The constitution of Norway is one of the most Democratic in all Europe. Although a monarchy, its executive and legislative power is vested in the parliament, called the Storthing, and the King has merely a nominal command over the army and navy, with power to appoint the governor-general only. The latter has a limited right to veto acts of the parliament. Hereditary nobility was abolished in 1821.
Under the treaty of Vienna in 1814, and following the defeat of Napoleon, it was arranged that Denmark must give up Norway, and the two countries were united under the Swedish Crown. Norway demanded a separate consular service in 1905, and the Storthing declared the union with Sweden at an end. Prince Charles of Denmark then became King, reigning as Haakon VII.
The country has a population of 2,340,000, and her full military force mobilized for war is only 110,000 men.
Sweden, Norway's next-door neighbor on the Scandinavian peninsula, in contradistinction to the latter, is a constitutional monarchy, with extraordinary powers vested in the King, who is assisted in the administration of affairs by a council of ministers. The Diet, or legislature, consists of two chambers, or estates, both elected by the people.

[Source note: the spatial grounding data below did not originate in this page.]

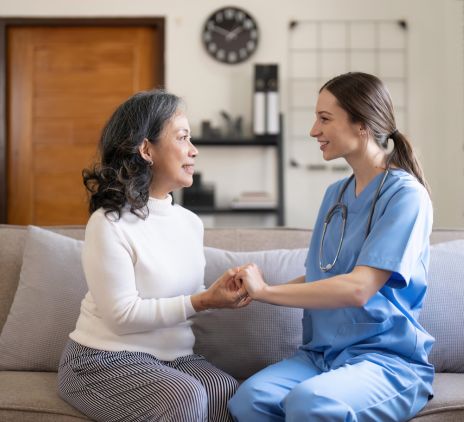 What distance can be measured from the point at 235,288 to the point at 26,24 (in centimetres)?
388

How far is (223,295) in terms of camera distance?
1.74m

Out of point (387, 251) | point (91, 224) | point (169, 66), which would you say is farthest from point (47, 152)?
point (387, 251)

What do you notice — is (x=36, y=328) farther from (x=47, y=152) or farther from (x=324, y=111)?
(x=47, y=152)

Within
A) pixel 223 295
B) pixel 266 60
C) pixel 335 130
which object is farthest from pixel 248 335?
pixel 266 60

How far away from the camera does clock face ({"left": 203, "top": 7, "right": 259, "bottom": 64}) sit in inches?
198

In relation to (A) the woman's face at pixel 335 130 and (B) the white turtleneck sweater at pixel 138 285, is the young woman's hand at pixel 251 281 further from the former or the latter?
(A) the woman's face at pixel 335 130

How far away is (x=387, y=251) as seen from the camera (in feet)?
5.38

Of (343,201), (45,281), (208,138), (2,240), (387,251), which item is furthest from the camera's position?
(208,138)

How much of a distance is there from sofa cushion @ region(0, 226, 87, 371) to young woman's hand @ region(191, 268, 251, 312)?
1.47 feet

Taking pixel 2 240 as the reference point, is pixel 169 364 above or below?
below

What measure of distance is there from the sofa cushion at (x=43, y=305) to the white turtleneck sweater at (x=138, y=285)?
214 mm

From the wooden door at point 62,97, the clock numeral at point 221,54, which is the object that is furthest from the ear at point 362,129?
the wooden door at point 62,97

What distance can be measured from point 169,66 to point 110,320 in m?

Like Norway, the country is very rugged. Lapland and Finland are at the northeast, and on the east is the Gulf of Bothnia and the Baltic, and on the south the Baltic, the Sound and the Cattegat. It joins Norway on the west. Its area is 172,875 square miles, and its coast line is more than 1400 miles long.
Sweden, while it does not have a first-class navy, possesses a score of armored vessels of small displacement, besides torpedo boats, destroyers, etc., and has an army of 40,000 at peace strength. The country is particularly rich in minerals, and some of the finest iron ore in the world comes from its mines. Nickel, lead, cobalt, alum and sulphur are also produced in large quantities; while it gives to the world, too, immense quantities of lumber and larger quantities of hemp, flax and hops.
The reigning monarch is King Gustavus V, who succeeded his father, Oscar II, who died in 1907. The population of the country is about 5,000,000.
Of these neutrals, both Holland and Switzerland did a great deal for the suffering Belgians when Germany pounded through the country of King Albert, sending money for the relief of the sufferers and offering refugees shelter.